Task requirements: Your task is to repeat all of the data exactly while excluding the pictures.

Data:
····················

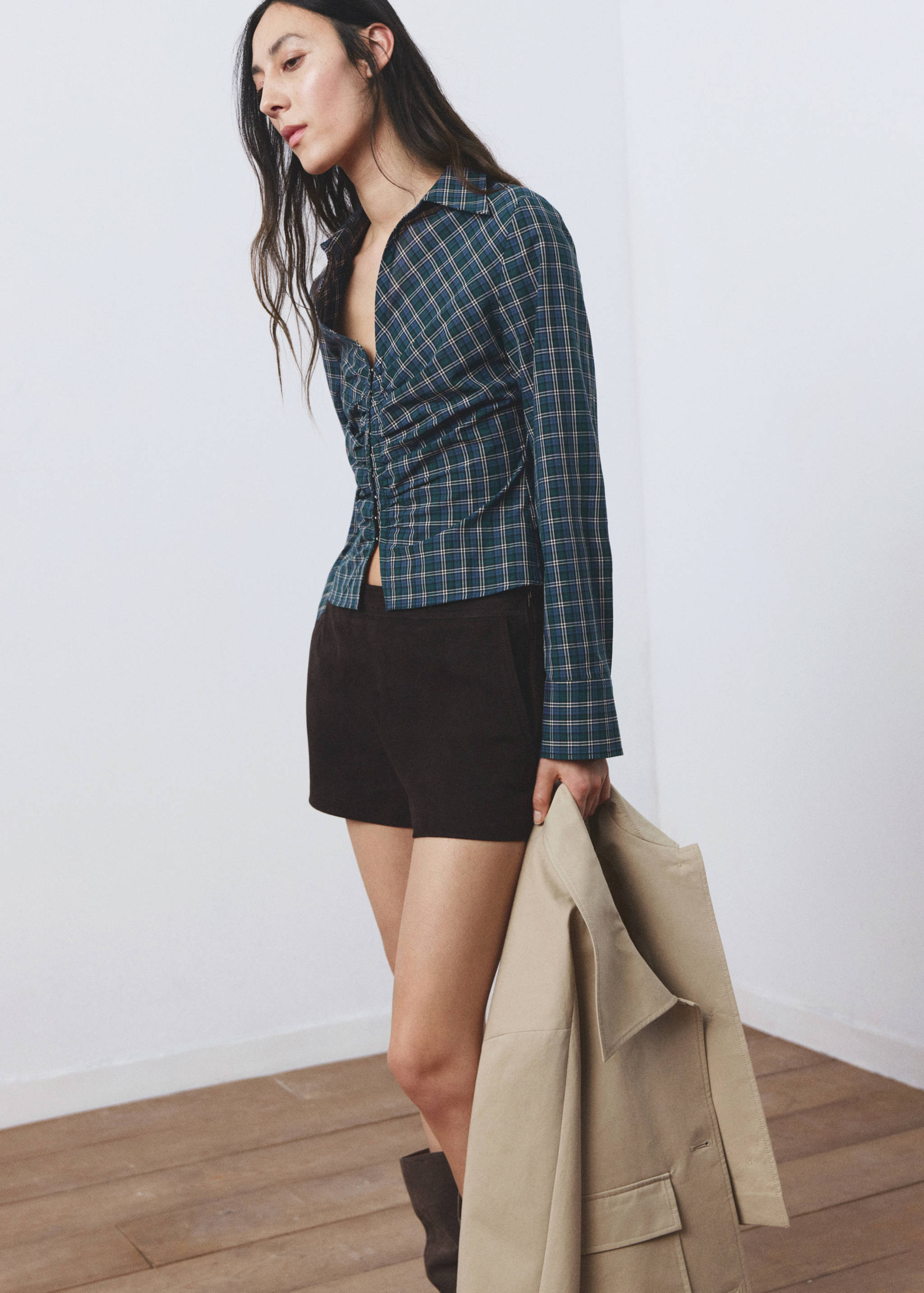 Green plaid blouse with a pointed collar and ruched button-up front.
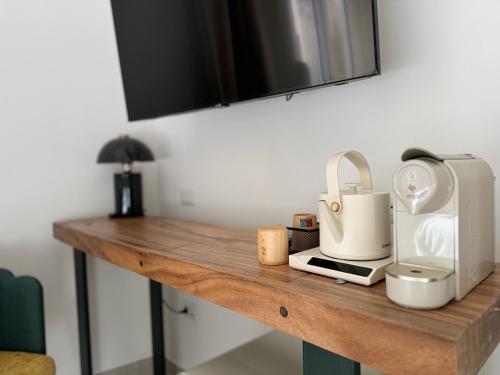 a wooden table with a sink and a toaster on it at Anno13Suites in Naples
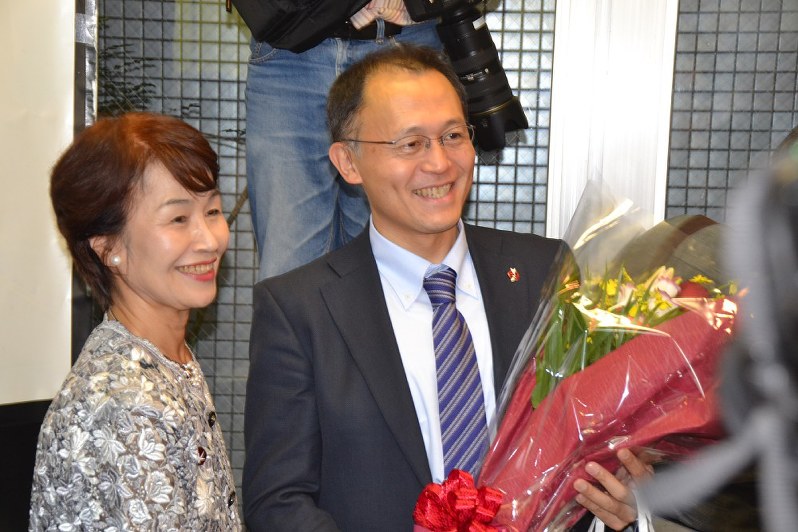 花束を贈られ笑顔を見せる川崎哲さん(右)=東京都新宿区で2017年10月9日午後3時25分、福島祥撮影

····················

Output:
 Green plaid blouse with a pointed collar and ruched button-up front.
 a wooden table with a sink and a toaster on it at Anno13Suites in Naples
 花束を贈られ笑顔を見せる川崎哲さん(右)=東京都新宿区で2017年10月9日午後3時25分、福島祥撮影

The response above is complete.